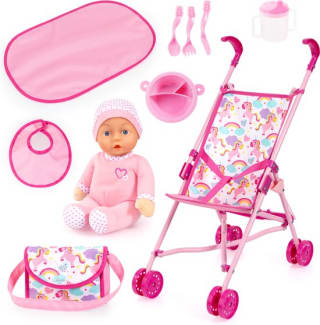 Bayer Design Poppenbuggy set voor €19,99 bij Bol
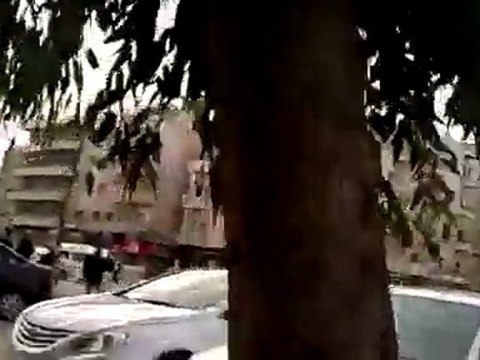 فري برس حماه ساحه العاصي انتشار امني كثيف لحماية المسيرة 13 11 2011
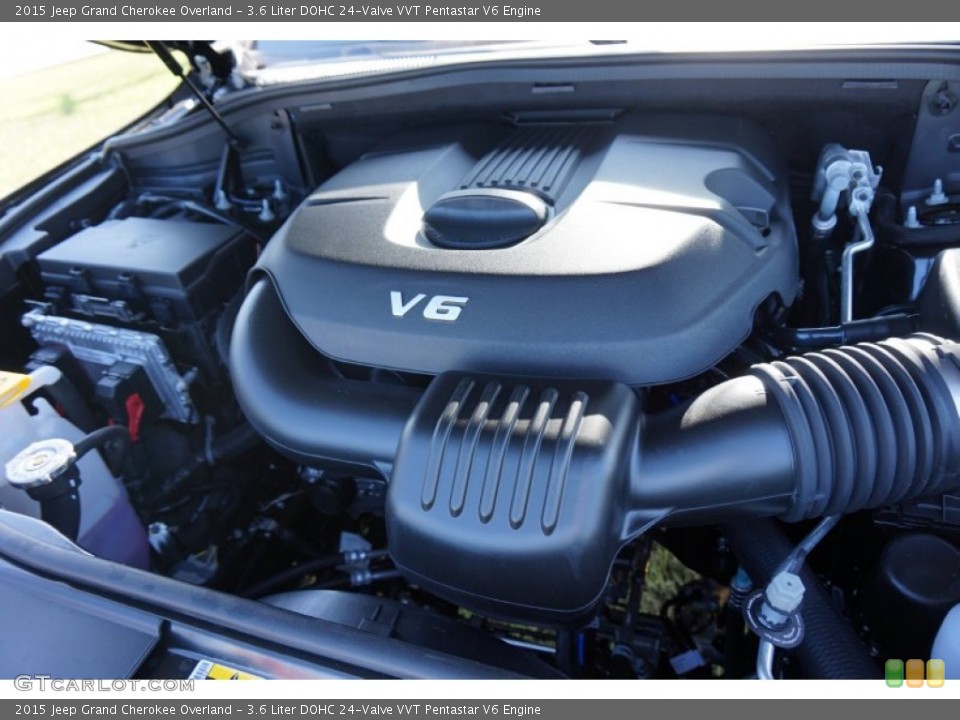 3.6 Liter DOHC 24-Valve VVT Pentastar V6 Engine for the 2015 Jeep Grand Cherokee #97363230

==

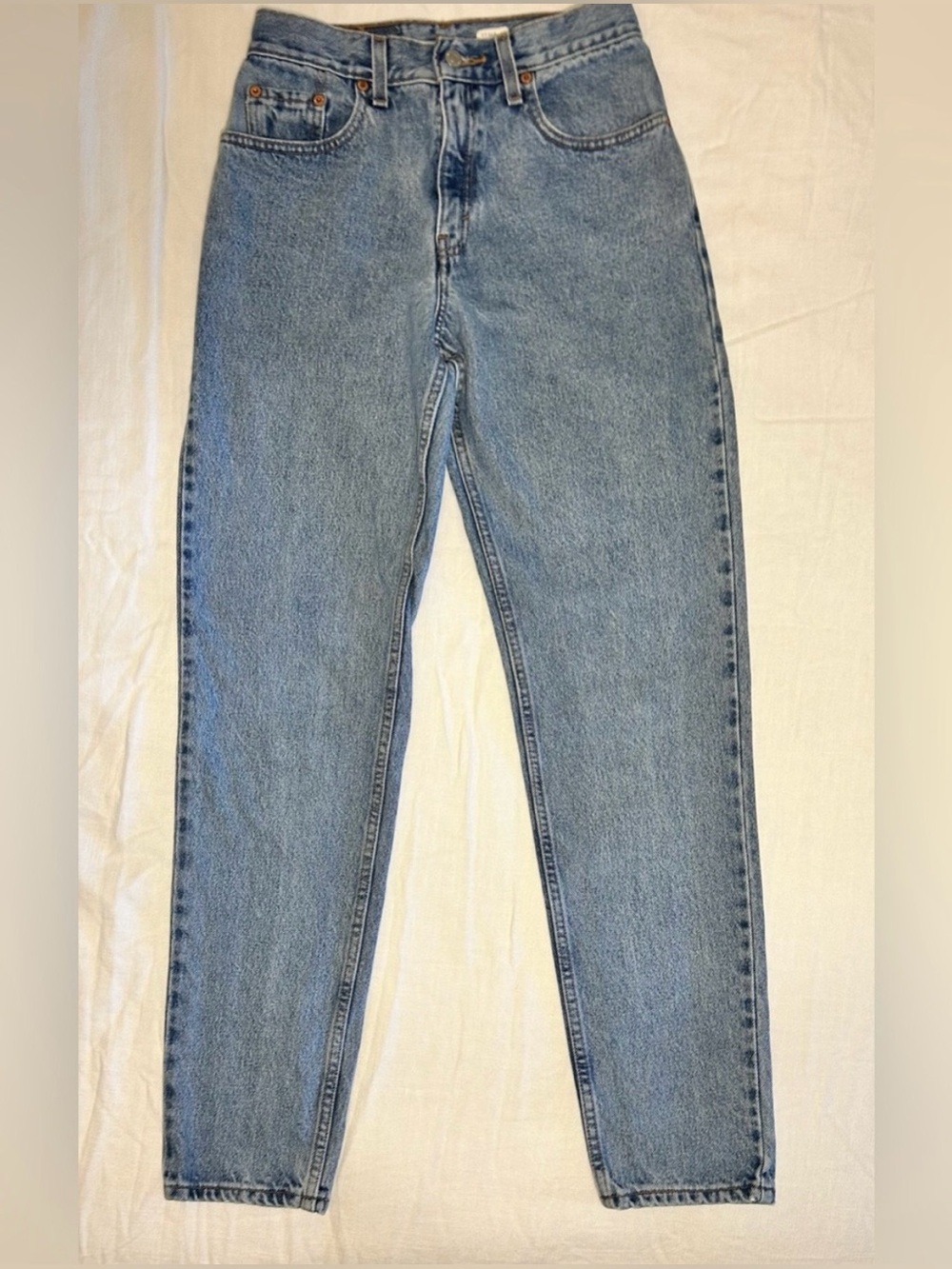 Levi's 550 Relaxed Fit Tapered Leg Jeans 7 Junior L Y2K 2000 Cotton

§ **TASK REQUIREMENTS**
Retype, exactly and with no pictures, everything above from the line with "فري برس حماه" down to the line with "3.6 Liter DOHC", both included.

§ **YOUR RESPONSE**
 فري برس حماه ساحه العاصي انتشار امني كثيف لحماية المسيرة 13 11 2011
 3.6 Liter DOHC 24-Valve VVT Pentastar V6 Engine for the 2015 Jeep Grand Cherokee #97363230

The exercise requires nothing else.